That would allow you to adjust the formatting based on the type of dimension.
Why would we need dimension_open_paren_new_line and dimension_close_paren_new_line? Would these set if after the opening parenthesis and before the closing parenthesis there's a newline?
I am not sure why someone would want to as it looks excessively noisy to me. However, if we wanted to be consistent then we would implement those rules.
The outer_dimension_open_paren_new_line
would insert a carriage return after the open parenthesis of a dimension:
From this:
signal felix_packets : t_avst_packets(first_outer_dimension)
(
(first_inner_dimension),
(second_inner_dimension),
(third_inner_dimension)
);
...to this...
signal felix_packets : t_avst_packets(
first_outer_dimension)
(
(first_inner_dimension),
(second_inner_dimension),
(third_inner_dimension)
);
The outer_dimension_open_paren_new_line
would insert a carriage return before the close parenthesis of an outer dimension:
From this:
signal felix_packets : t_avst_packets(first_outer_dimension)
(
(first_inner_dimension),
(second_inner_dimension),
(third_inner_dimension)
);
...to this...
signal felix_packets : t_avst_packets(first_outer_dimension
)
(
(first_inner_dimension),
(second_inner_dimension),
(third_inner_dimension)
);
But note that this is only an example and the record could contain any further substructure (a record could contain another record) and with VHDL-2008, dimensions when ever occurring for any of these structured elements would have to be given upon signal declaration (so they could appear at any level) [if they are not yet defined in the type directly].
I had not thought of nested records with respect to this rule. Would you happen to have any examples?
--Jeremy
Hi @jeremiah-c-leary,
let's take a step back: Given that structures can be nested in VHDL (like other languages) to any depth in any arbitrary way that is most suitable for the needs of the targeted development, let's not fall into terms of "inner" and "outer" as that gives the impression that only 2 levels would exist.

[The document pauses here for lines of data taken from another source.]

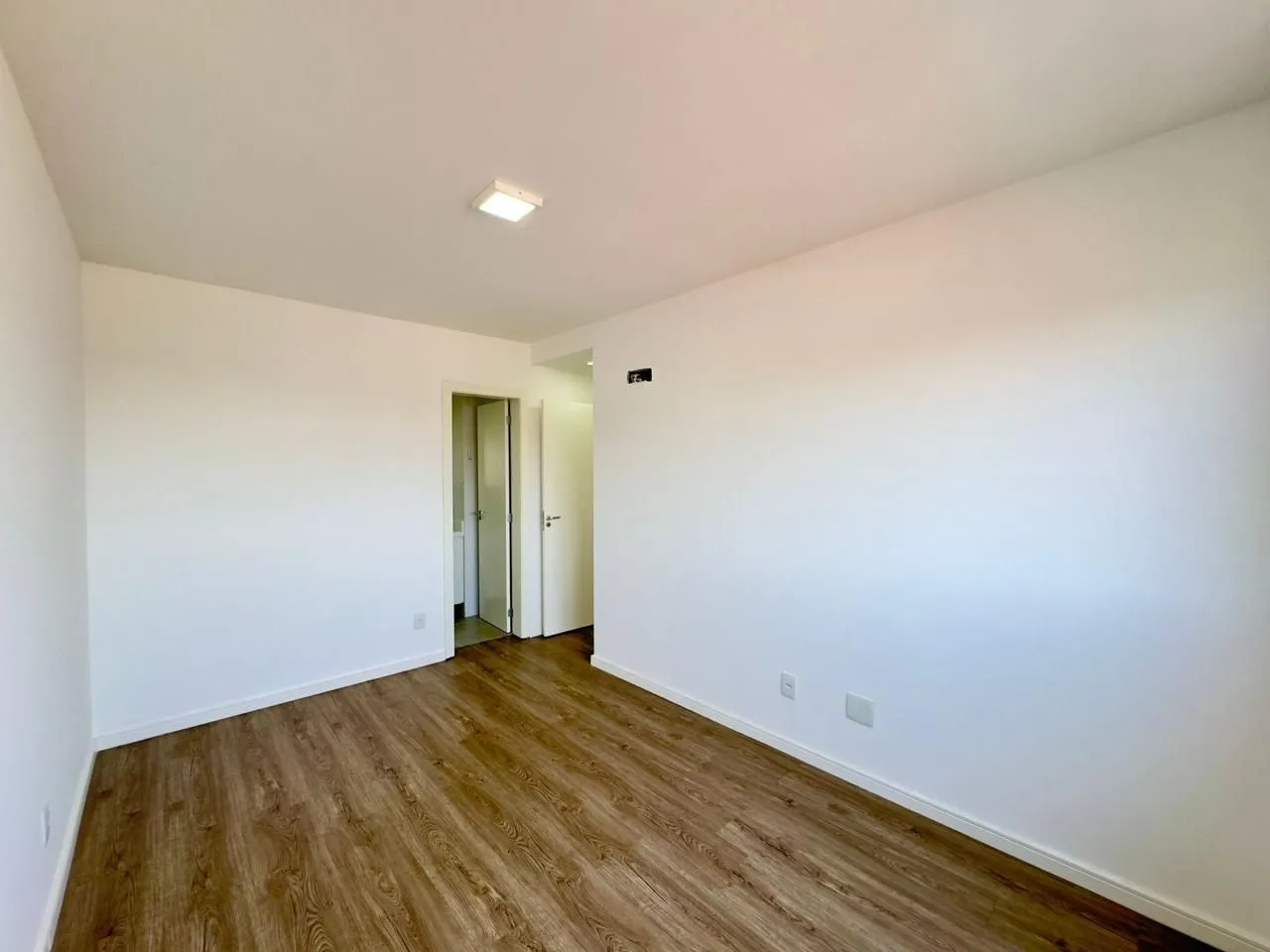 Imagem Apartamento à venda em Porto Alegre, Vila Ipiranga, com 2 quartos, 68m2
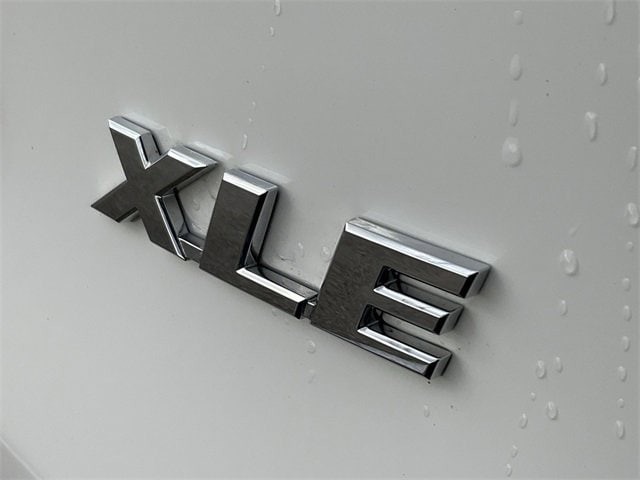 Thumbnail: 2025 Toyota RAV4 - 11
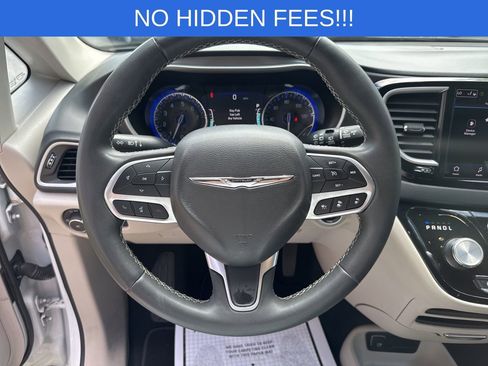 Used 2023 Chrysler Pacifica Touring-L FWD image 28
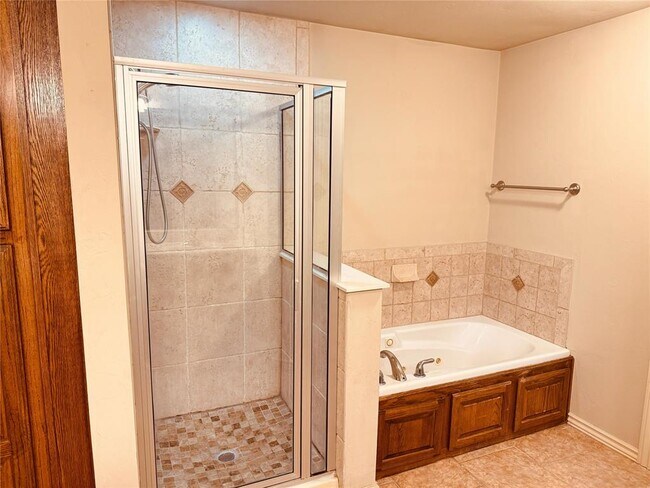 Building Photo - 601 Ellsworth Ave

Instead, what we clearly see in terms of structure is record types that define a container with certain elements of any type and types (which include records) that can have a dimension, i.e. arrays (of records), std_logic_vectors, unsigned, and such.

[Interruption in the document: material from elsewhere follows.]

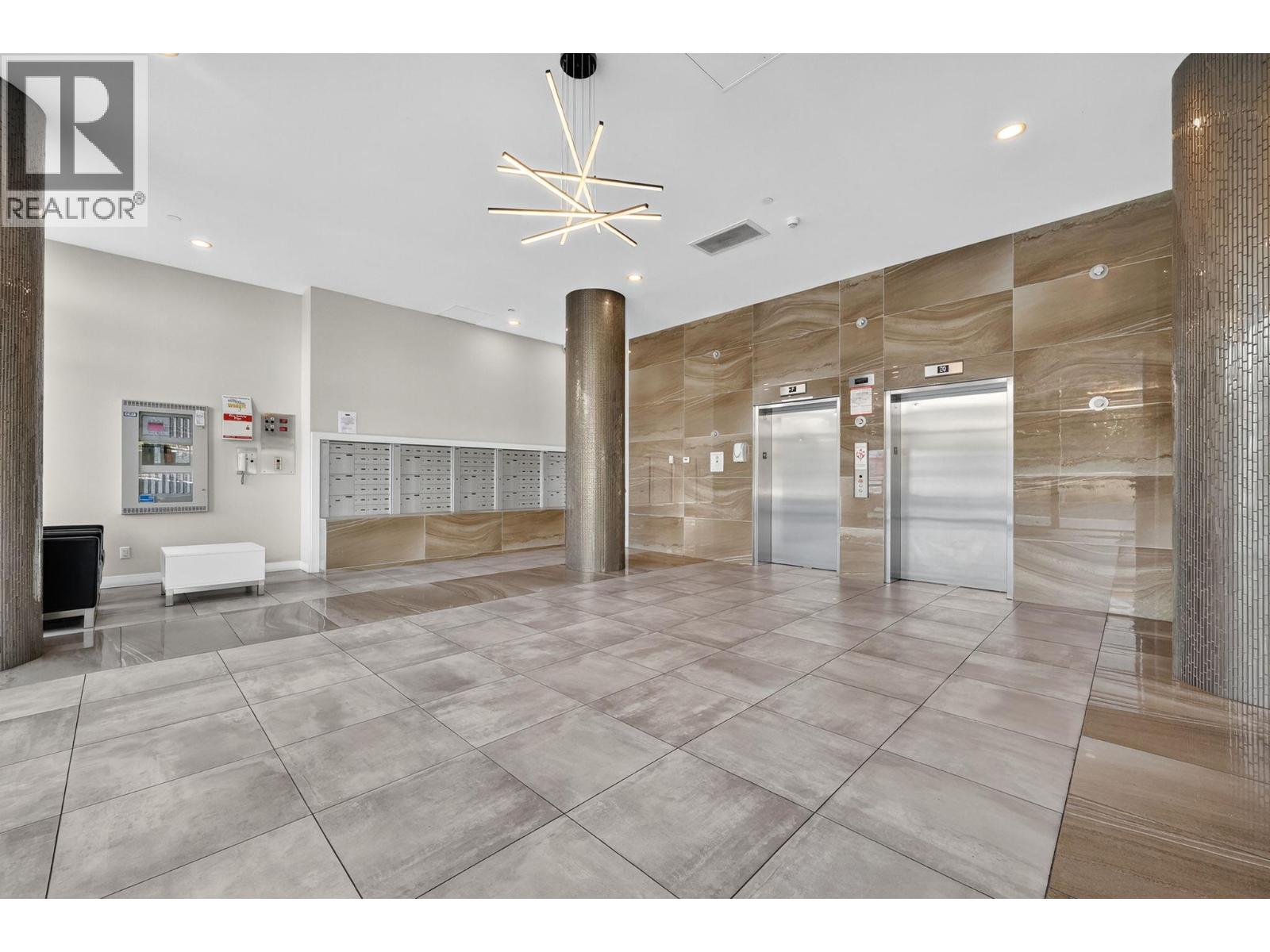 103 1151 Sunset Drive, Kelowna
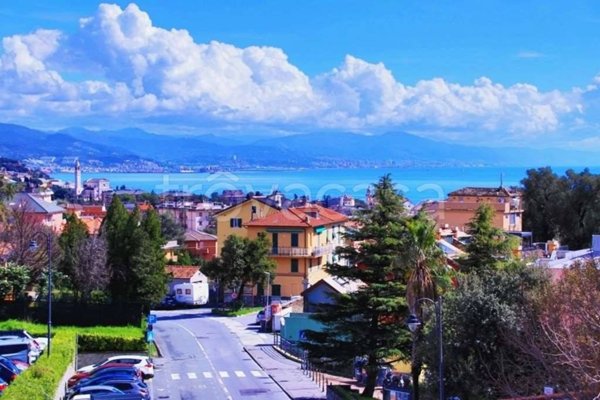 appartamento in vendita ad Arenzano in zona Terralba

If I'm not overlooking anything, these are the only 2 categories. So let's find a solution for that such that it fits what ever structural combination that you might find all those elements come together. I mean the VHDL reference is clear about that, so I think should VSG be able to follow that.
If you agree to that above then I think we should put back things on the table (i.e. existing configurations for structures) and see how we can come up with some consistent scheme (and consistent naming for all these configuration parameters) that will cover all these possibilities.
And no, out of my code base I don't have an example of a nested record, I'd have to go steel an example from a collaborator's project, but I guess you can easily imagine one.
Hey @staerz,
I apologize, I was distracted with fixing some errors.
Instead, what we clearly see in terms of structure is record types that define a container with certain elements of any type and types (which include records) that can have a dimension, i.e. arrays (of records), std_logic_vectors, unsigned, and such.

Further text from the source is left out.